Fri Oct 16 04:56:11 PDT 2015

andreadb added a comment.

In http://reviews.llvm.org/D13776#268072, @bruno wrote:

> Hi Andrea,
>
> I don't recall off hand but my guess here is that the mask is a vector float type because VMASKMOV* uses two FP ports. In practice I'm not sure what the side effects of changing this are, but it might be something worth considering.

Hi Bruno,

You are right, VMASKMOV* are definitely floating point domain. Depending on the subtarget and whether the VMASKMOV is a load or a store it may use one or more ports.

That said, in practice the only side effect in changing those intrinsics is that we end up with an extra bitcast in the case where the mask type in input is a vector of packed floats. However, that bitcast would be equivalent to a bitconvert between types of the same register class. So, it would be no-op and no extra instructions would be generated (tested on small examples using both constant and non-constant mask values).

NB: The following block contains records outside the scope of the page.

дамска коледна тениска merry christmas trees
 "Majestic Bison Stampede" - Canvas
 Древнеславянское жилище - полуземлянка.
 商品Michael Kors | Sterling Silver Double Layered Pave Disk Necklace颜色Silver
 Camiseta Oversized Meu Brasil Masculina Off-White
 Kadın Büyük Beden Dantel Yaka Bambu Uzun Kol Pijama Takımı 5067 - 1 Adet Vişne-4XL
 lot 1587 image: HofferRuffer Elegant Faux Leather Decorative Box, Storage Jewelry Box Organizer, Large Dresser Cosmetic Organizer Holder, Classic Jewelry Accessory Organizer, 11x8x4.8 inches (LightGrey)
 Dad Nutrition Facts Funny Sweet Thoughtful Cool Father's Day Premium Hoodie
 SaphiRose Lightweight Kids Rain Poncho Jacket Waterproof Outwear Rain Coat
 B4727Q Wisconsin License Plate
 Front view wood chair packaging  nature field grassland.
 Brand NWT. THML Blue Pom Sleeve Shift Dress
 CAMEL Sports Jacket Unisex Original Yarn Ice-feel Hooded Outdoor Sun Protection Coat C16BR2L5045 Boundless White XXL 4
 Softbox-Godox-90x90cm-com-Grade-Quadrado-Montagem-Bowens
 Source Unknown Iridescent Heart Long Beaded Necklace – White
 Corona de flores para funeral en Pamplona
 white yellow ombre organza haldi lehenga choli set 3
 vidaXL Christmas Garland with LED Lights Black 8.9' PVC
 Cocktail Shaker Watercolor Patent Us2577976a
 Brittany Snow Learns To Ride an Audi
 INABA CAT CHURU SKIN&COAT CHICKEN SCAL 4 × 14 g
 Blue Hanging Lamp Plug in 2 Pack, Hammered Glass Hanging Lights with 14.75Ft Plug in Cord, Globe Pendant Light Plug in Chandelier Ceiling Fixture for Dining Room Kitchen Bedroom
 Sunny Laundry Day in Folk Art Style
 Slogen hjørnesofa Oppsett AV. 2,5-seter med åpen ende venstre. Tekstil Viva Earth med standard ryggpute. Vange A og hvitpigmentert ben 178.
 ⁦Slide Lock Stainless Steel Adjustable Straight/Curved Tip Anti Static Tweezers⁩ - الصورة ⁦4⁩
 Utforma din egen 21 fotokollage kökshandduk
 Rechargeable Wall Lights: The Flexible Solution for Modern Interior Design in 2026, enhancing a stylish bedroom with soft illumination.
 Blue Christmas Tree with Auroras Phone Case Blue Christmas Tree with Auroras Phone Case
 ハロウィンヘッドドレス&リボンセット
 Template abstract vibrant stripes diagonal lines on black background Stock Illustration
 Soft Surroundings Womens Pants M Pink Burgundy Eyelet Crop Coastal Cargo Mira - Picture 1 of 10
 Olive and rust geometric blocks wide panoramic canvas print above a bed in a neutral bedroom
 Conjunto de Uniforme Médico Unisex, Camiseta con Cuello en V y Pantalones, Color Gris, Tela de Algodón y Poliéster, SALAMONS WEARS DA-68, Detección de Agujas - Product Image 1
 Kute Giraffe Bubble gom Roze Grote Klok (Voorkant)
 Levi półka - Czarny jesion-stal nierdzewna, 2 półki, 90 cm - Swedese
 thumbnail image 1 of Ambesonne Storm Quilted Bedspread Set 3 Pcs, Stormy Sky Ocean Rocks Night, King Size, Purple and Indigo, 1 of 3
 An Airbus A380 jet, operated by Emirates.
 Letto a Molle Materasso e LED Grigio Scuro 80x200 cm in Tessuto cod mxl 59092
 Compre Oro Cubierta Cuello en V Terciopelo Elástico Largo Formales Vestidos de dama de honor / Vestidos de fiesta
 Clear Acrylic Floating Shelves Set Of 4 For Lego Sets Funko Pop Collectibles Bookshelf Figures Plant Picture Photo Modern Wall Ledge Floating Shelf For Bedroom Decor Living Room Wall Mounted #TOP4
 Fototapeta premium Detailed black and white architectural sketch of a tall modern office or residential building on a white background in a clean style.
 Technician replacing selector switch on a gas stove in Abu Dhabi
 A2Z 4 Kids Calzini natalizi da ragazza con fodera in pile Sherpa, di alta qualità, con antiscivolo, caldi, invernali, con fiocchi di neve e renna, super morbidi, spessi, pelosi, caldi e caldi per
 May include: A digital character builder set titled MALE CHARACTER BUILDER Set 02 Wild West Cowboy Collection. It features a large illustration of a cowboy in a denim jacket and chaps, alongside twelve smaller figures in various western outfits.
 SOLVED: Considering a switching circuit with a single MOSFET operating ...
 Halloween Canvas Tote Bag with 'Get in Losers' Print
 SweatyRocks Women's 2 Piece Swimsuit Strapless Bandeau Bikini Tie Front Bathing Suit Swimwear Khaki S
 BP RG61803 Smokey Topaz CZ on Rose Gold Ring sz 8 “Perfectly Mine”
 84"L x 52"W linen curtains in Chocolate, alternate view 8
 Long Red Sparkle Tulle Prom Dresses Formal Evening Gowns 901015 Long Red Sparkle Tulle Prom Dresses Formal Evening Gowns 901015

Since VMASKMOV is floating point domain, AMD chips would suffer for a potential stall if the Mask value originated in the integer domain. A domain crossing caused by data movement (example: VInt -> VFP) is 1cy penalty on AMD chips.
However, the domain crossing issue is not a problem that would be introduced by this change. That issue was already affecting the previous intrinsic definition (i.e. the source of this "problem" has nothing to do with this change).
The backend already knows how to mitigate this problem running the "execution dependency fix" pass.

Example:

  define void @foo(<4 x float>* %dst, <4 x float> %InVec, <4 x i32> %Mask1, <4 x i32> %Mask2) {
    %xor = xor <4 x i32> %Mask1, %Mask2
    %0 = bitcast <4 x float>* %dst to i8*
    tail call void @llvm.x86.avx.maskstore.ps(i8* %0, <4 x i32> %xor, <4 x float> %InVec)
    ret void
  }

In this example, ISel would select a VPXORrr for the 'xor' operation.
Before code emission, we end up with the sequence:

  %XMM1<def> = VPXORrr %XMM1<kill>, %XMM2<kill>
  VMASKMOVPSrm %RDI<kill>, 1, noreg, 0, %noreg, %XMM1<kill>, %XMM0<kill>

After 'exedep-fix' we have:

  %XMM1<def> = VXORPSrr %XMM1<kill>, %XMM2<kill>
  VMASKMOVPSrm %RDI<kill>, 1, noreg, 0, %noreg, %XMM1<kill>, %XMM0<kill>

As a developer, it comes more natural to think about the mask as a vector of integers rather than floats. For example, we may want to manipulate the mask with logical operators before passing it in input to (V)MASKMOV* instructions. Having to pass it as a float simply forces to insert an explicitly (no-op) cast.

That said, I don't know how much we care about being consistent with gcc. Gcc defines those builtins differently than us (i.e. always as vector int/long values). This "problem" was found internally when testing the codegen of intrinsic calls. We spotted this discrepancy and that's the main reason why I uploaded this patch.
At the very least I suggest  that we fix our intrinsic definitions in avxintrin.h just to be consistent with what the Intel documentation says.

What do you think?

http://reviews.llvm.org/D13776